- **Exercise aim**
Return the records exactly, please. Every line should match.

- **Material shown**

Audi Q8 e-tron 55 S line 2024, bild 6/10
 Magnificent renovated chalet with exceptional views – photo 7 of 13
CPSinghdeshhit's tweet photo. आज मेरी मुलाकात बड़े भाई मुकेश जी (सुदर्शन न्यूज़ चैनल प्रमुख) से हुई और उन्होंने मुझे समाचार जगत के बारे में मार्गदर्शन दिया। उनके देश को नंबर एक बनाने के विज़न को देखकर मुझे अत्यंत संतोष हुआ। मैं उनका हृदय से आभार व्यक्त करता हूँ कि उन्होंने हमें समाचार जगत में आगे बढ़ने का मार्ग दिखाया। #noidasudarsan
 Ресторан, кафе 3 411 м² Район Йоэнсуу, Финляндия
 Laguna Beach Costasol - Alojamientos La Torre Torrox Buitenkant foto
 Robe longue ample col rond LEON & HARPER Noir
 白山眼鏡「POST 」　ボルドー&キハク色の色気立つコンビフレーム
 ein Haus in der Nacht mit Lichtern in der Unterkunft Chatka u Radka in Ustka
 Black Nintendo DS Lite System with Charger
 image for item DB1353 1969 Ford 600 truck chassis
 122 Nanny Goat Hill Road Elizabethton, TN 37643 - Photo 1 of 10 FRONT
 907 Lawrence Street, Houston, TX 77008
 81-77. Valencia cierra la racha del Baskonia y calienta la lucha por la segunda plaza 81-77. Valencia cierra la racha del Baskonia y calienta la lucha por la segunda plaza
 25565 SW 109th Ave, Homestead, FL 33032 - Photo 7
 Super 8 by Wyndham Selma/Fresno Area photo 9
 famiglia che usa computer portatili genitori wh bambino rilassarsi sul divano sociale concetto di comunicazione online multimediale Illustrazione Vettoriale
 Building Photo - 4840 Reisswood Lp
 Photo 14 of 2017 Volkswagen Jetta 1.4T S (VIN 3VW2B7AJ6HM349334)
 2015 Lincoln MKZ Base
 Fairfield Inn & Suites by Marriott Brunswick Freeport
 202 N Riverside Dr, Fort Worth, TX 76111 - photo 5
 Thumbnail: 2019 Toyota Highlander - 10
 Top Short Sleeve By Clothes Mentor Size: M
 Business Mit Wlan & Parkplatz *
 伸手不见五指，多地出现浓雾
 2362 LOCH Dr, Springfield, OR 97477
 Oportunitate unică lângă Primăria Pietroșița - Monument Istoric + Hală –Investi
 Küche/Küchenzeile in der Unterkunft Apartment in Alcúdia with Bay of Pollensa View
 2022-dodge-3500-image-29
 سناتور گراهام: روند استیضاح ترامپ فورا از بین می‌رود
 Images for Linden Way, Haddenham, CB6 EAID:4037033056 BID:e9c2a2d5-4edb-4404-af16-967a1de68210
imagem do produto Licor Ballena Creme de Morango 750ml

- **Task solution**
Audi Q8 e-tron 55 S line 2024, bild 6/10
 Magnificent renovated chalet with exceptional views – photo 7 of 13
CPSinghdeshhit's tweet photo. आज मेरी मुलाकात बड़े भाई मुकेश जी (सुदर्शन न्यूज़ चैनल प्रमुख) से हुई और उन्होंने मुझे समाचार जगत के बारे में मार्गदर्शन दिया। उनके देश को नंबर एक बनाने के विज़न को देखकर मुझे अत्यंत संतोष हुआ। मैं उनका हृदय से आभार व्यक्त करता हूँ कि उन्होंने हमें समाचार जगत में आगे बढ़ने का मार्ग दिखाया। #noidasudarsan
 Ресторан, кафе 3 411 м² Район Йоэнсуу, Финляндия
 Laguna Beach Costasol - Alojamientos La Torre Torrox Buitenkant foto
 Robe longue ample col rond LEON & HARPER Noir
 白山眼鏡「POST 」　ボルドー&キハク色の色気立つコンビフレーム
 ein Haus in der Nacht mit Lichtern in der Unterkunft Chatka u Radka in Ustka
 Black Nintendo DS Lite System with Charger
 image for item DB1353 1969 Ford 600 truck chassis
 122 Nanny Goat Hill Road Elizabethton, TN 37643 - Photo 1 of 10 FRONT
 907 Lawrence Street, Houston, TX 77008
 81-77. Valencia cierra la racha del Baskonia y calienta la lucha por la segunda plaza 81-77. Valencia cierra la racha del Baskonia y calienta la lucha por la segunda plaza
 25565 SW 109th Ave, Homestead, FL 33032 - Photo 7
 Super 8 by Wyndham Selma/Fresno Area photo 9
 famiglia che usa computer portatili genitori wh bambino rilassarsi sul divano sociale concetto di comunicazione online multimediale Illustrazione Vettoriale
 Building Photo - 4840 Reisswood Lp
 Photo 14 of 2017 Volkswagen Jetta 1.4T S (VIN 3VW2B7AJ6HM349334)
 2015 Lincoln MKZ Base
 Fairfield Inn & Suites by Marriott Brunswick Freeport
 202 N Riverside Dr, Fort Worth, TX 76111 - photo 5
 Thumbnail: 2019 Toyota Highlander - 10
 Top Short Sleeve By Clothes Mentor Size: M
 Business Mit Wlan & Parkplatz *
 伸手不见五指，多地出现浓雾
 2362 LOCH Dr, Springfield, OR 97477
 Oportunitate unică lângă Primăria Pietroșița - Monument Istoric + Hală –Investi
 Küche/Küchenzeile in der Unterkunft Apartment in Alcúdia with Bay of Pollensa View
 2022-dodge-3500-image-29
 سناتور گراهام: روند استیضاح ترامپ فورا از بین می‌رود
 Images for Linden Way, Haddenham, CB6 EAID:4037033056 BID:e9c2a2d5-4edb-4404-af16-967a1de68210
imagem do produto Licor Ballena Creme de Morango 750ml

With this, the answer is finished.